The battle over net neutrality flared up again in the US on Thursday as opponents and supporters exchanged proposals and rhetoric.
The Federal Communications Commission (FCC) said that it will move forward with efforts to enforce neutrality rules on the web, and prevent telcos from deliberately throttling traffic based on a user's application or destination.
FCC chairman Julius Genachowski said that the laws are necessary to keep the internet free and open, and to ensure that smaller web sites and services are given a fair chance to succeed in an open market.
"The internet's openness has allowed entrepreneurs and innovators, small and large, to create countless applications and services without having to seek permission from anyone," said Genachowski.
"As a result, internet pioneers with little more than a good idea and a no-frills internet connection have built hundreds of thousands of small businesses as well as web giants."
Opponents of the initiative have also stepped up their efforts. Senator John McCain has issued new legislation to prevent the FCC from addressing net neutrality, and criticised the FCC's efforts in an editorial for The Washington Times on Thursday.
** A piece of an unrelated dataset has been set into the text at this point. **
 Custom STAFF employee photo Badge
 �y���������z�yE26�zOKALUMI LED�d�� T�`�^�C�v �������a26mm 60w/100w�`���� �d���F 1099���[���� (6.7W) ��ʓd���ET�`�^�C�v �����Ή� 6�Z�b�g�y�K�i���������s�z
"These new rules should rightly be viewed by consumers suspiciously as another government power grab over a private service provided by private companies in a competitive marketplace," wrote McCain.
"This government takeover of the internet will stifle innovation, which will in turn hinder job creation."
Regulators in the European Union are also struggling with the issue. Earlier in the day the European Parliament voted to weaken its legislation on net neutrality and allow telcos greater control over how traffic can be managed.